Betty Wright is a legendary, Grammy-winning, Miami-based singer-songwriter who has released 16 albums.
She scored her first big hit in the '70s at the age of 17 with the million-selling "Cleanup Woman." Later, she became the first black woman to release a gold record on her own label.
In hip-hop, her work has been sampled by artists such as Beyonce, Mary J. Blige, and DJ Quik. She still works in music to this day, developing the vocal abilities of major artists in the industry.
See the cut for a an interview she gave in 1977. It eerily foreshadows the terrible Super Bowl halftime show performance by the Black Eyed Peas at last Sunday's big game.

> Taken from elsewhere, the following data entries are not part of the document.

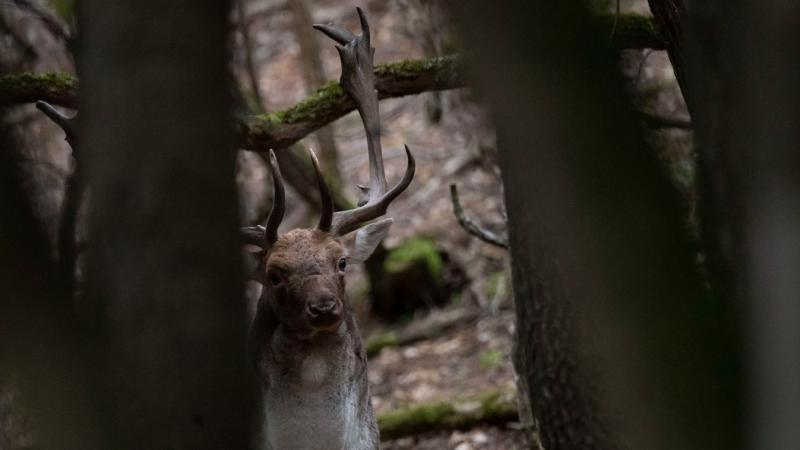 Ilyet csak ritkán lehet megpillantani testközelből! Különleges felvételeken tárjuk eléd a nógrádi erdők rejtélyes szépségét.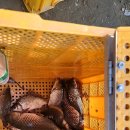 청도천10 이미지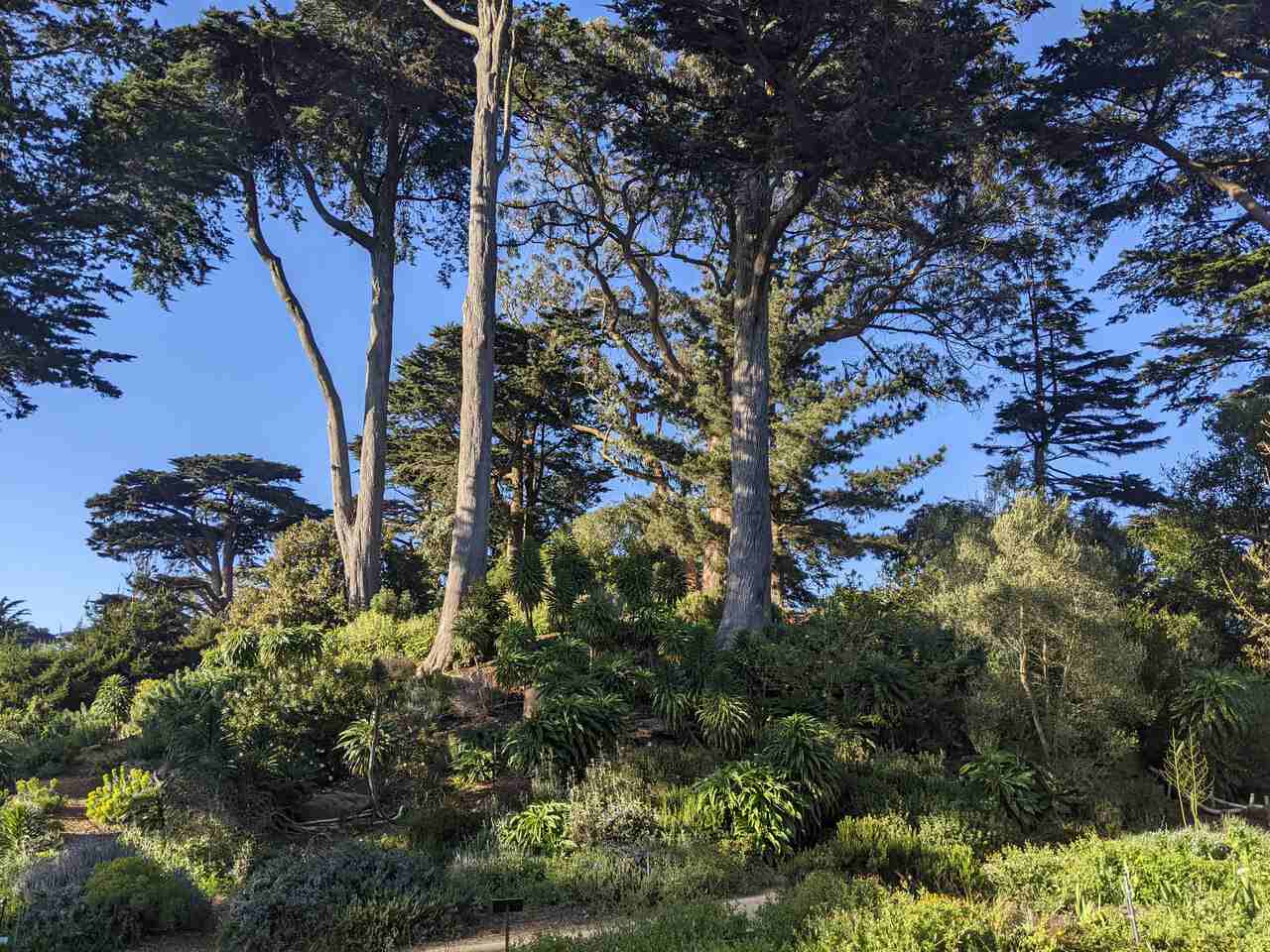 San Francisco Botanical Garden 3
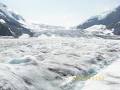 Columbia Icefield Glacier Experience image 5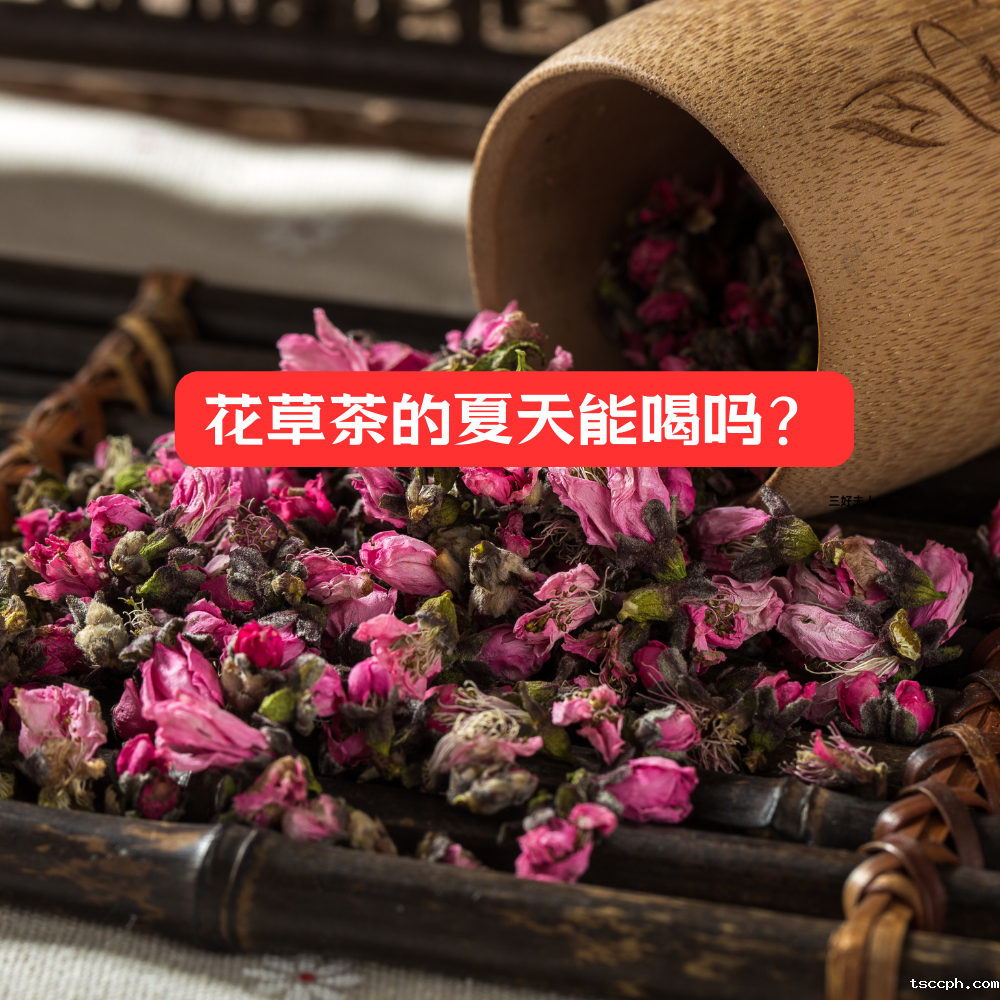 花草茶的夏天能喝吗？喝出清凉与健康插图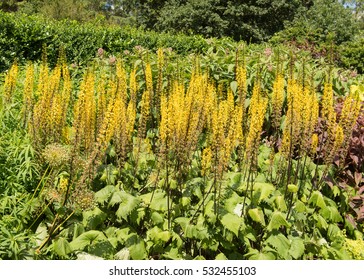 Ligularia The Rocket High Res Stock Images Shutterstock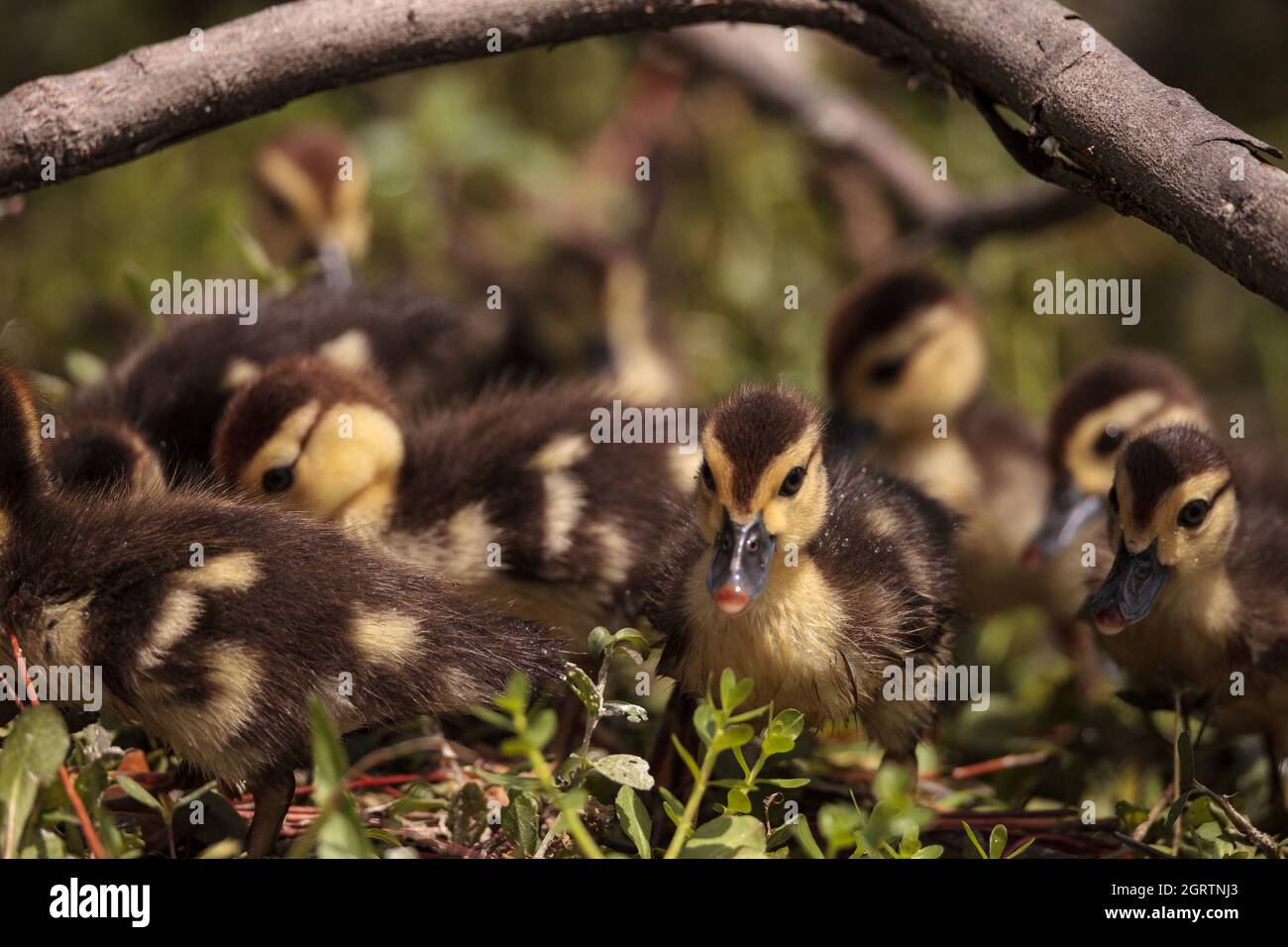 Little Brown Baby Muscovy Ducklings Cairina Moschata Flock Together In A Pond In Naples, Florida Stock Photo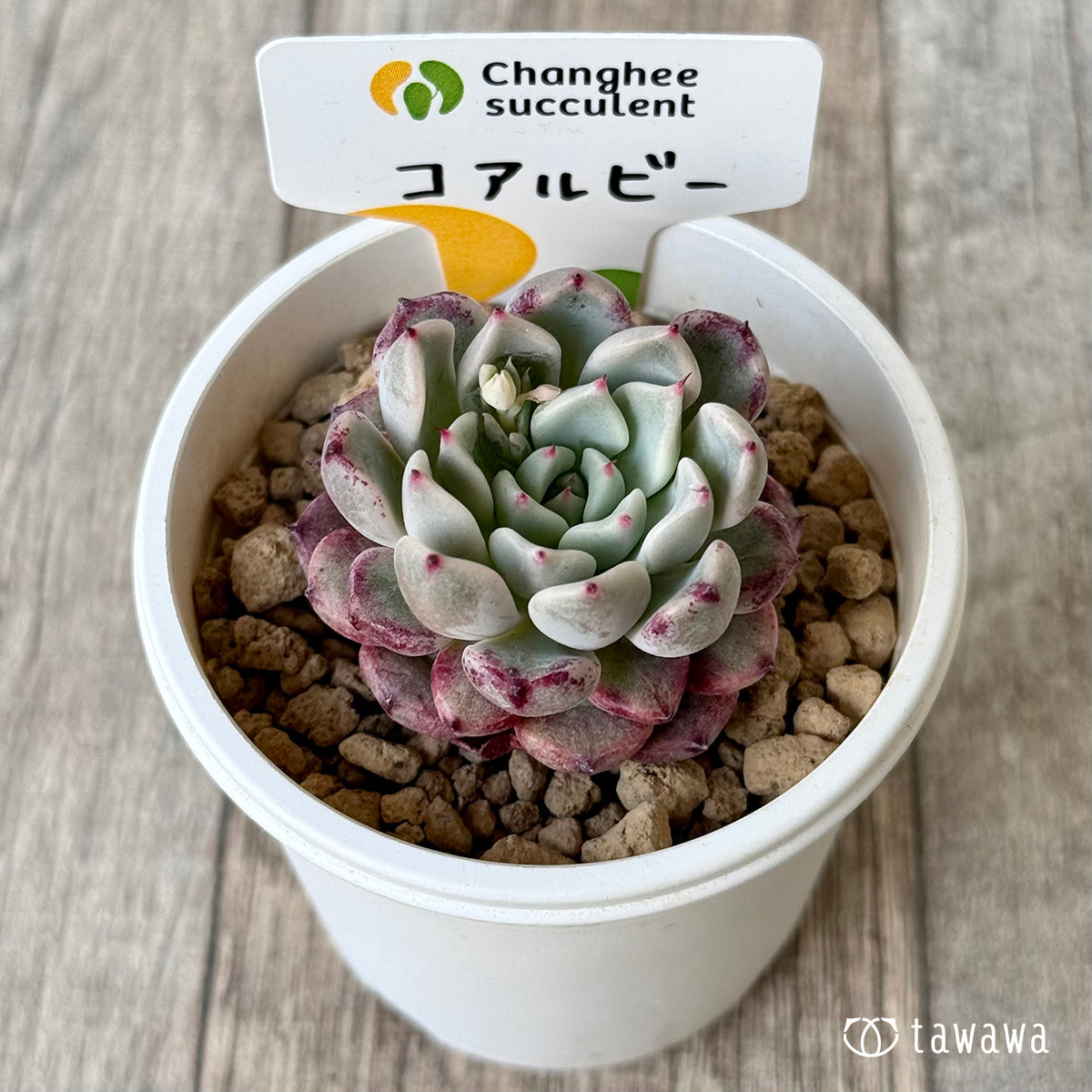 *新入荷* コアルビー(チャンヒー農園苗)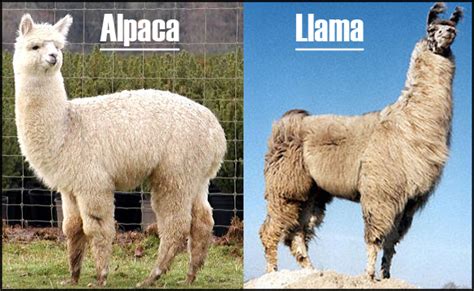Llamas Vs Alpacas Pets And Animals Forum Neoseeker Forums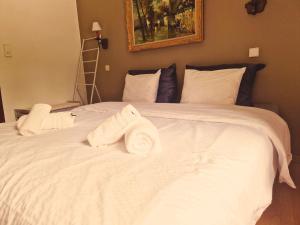 Double Room with Private Bathroom room in B&B La Source de la Geronstere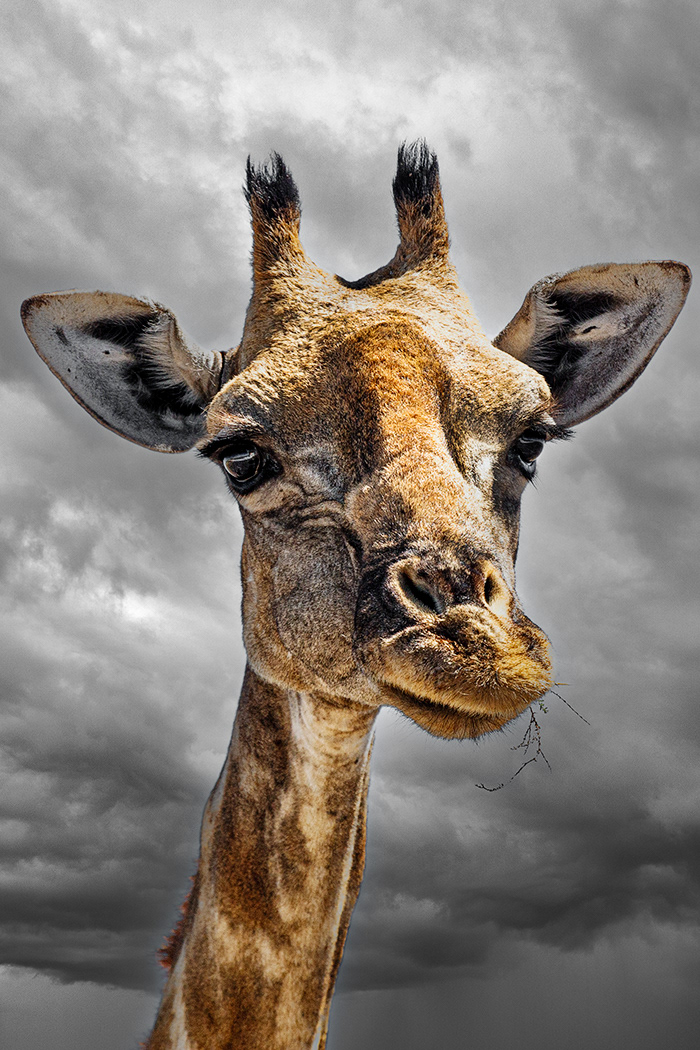 (Camelopardalis angolensis) - P.N Etosha - Namibia - © Kike Bullón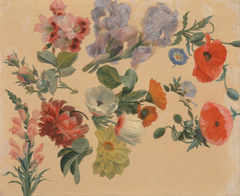 Studies of Summer Flower by Jacques-Laurent Agasse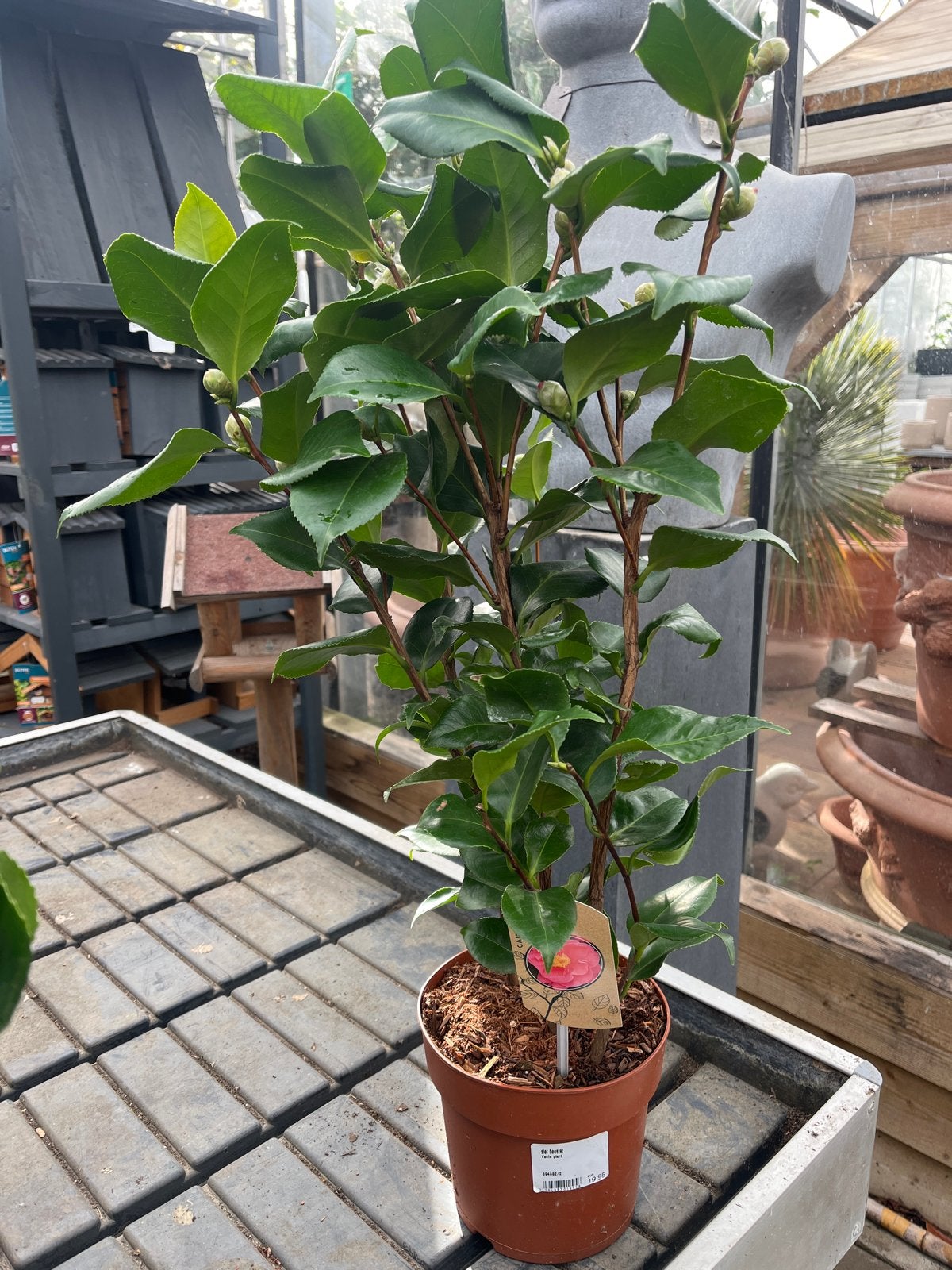 Camellia Jap. 'Dr. King' - Prachtige bloeiende Camelia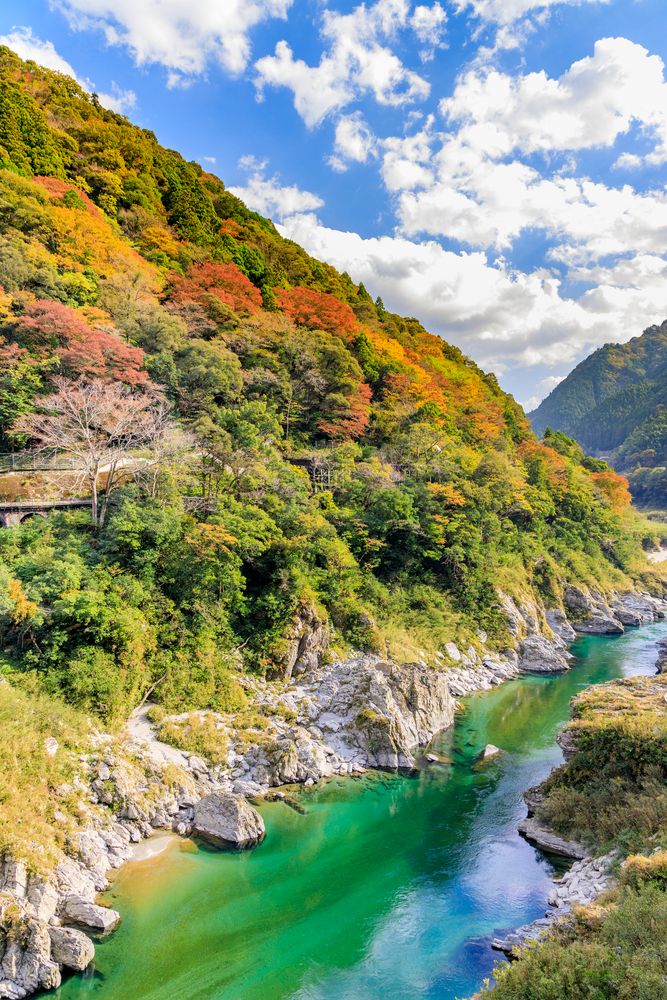 大歩危・小歩危の画像 - 3枚目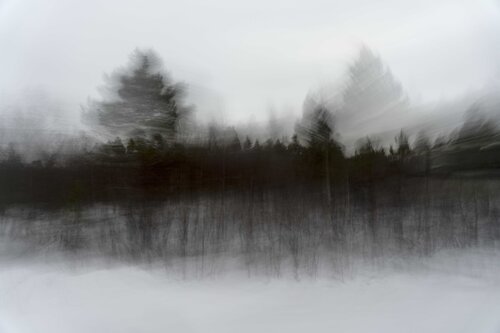 foret noir by Riego van Wersch, 사진 for Sale on Singulart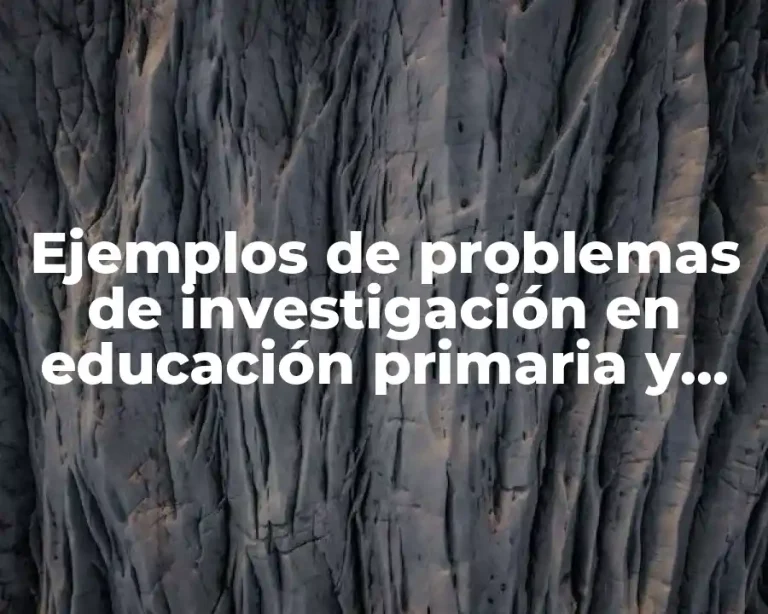 Ejemplos de problemas de investigación en educación primaria y Significado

The first half of the video touches on the historic nature of the Overtown soul and R&B music scene, and how the sites of its legendary venues like the Sir John Knightbeat Hotel were destroyed without consideration for their value. She touches on the popularity and accessibility of artists like Jackie Wilson, and Sam & Dave. She then touches on the decentralization of the urban core of the City of Miami's black community, and migrations to the suburbs of Opa Locka and Carol City.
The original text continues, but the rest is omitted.